USDCAD seems to be pursuing its proclaimed bearish direction, something also conveyed through the dominant negative bearing within the simple moving averages (SMAs). The short-term oscillators as well as the falling Ichimoku lines deliver a negative demeanour reinforcing this view. The MACD, some distance in the negative region, is decreasing […]

USDCAD seems to be pursuing its proclaimed bearish direction, something also conveyed through the dominant negative bearing within the simple moving averages (SMAs). The short-term oscillators as well as the falling Ichimoku lines deliver a negative demeanour reinforcing this view.

The MACD, some distance in the negative region, is decreasing below its red signal line, while the RSI is slipping further in oversold territory. Moreover, the stochastic oscillator has retreated into the oversold zone, promoting further losses in the pair.

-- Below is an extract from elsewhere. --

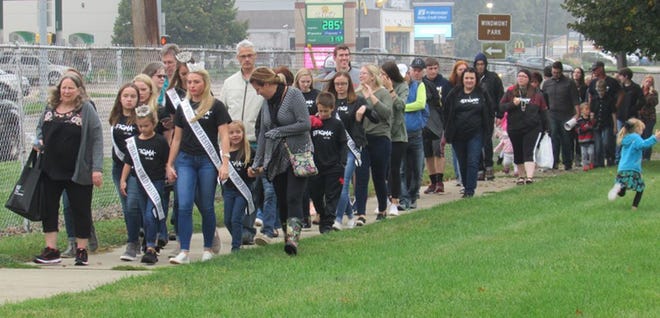 Participants in the 4th Annual Mental Health Walk Sunday (left) take laps at Wethersfield Schools after the event at Windmont was changed because of rainy weather.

To the downside, sellers may be initially challenged by the 1.2975 barrier of January 8 ahead of the nearby 1.2951 year end low, identified on 31 December 2019. Should the pair weaken further, the 1.2915 obstacle from October 2018 may come into play, prior to the 1.2886 border.

If buyers resurface, early limitations may arise from the 1.3046 inside swing low, coupled with the red Tenkan-sen line. Pushing higher may encounter some friction from the blue Kijun-sen line at 1.3097 ahead of a resistance band from 1.3125 – 1.3132. Nudging above this, the 50-period SMA at 1.3144 and the 1.3165 high may prevent the climb from testing the cloud and 100-day SMA around 1.3197. Should the cloud and neighbouring diagonal line – drawn from 1.4667 – fail to dismiss further advances, the pair may target the 1.3239 tough barrier ahead of the 1.3270 peak.

In brief, USDCAD continues to present a strong short-to-medium-term bearish bias below the descending line and the SMAs.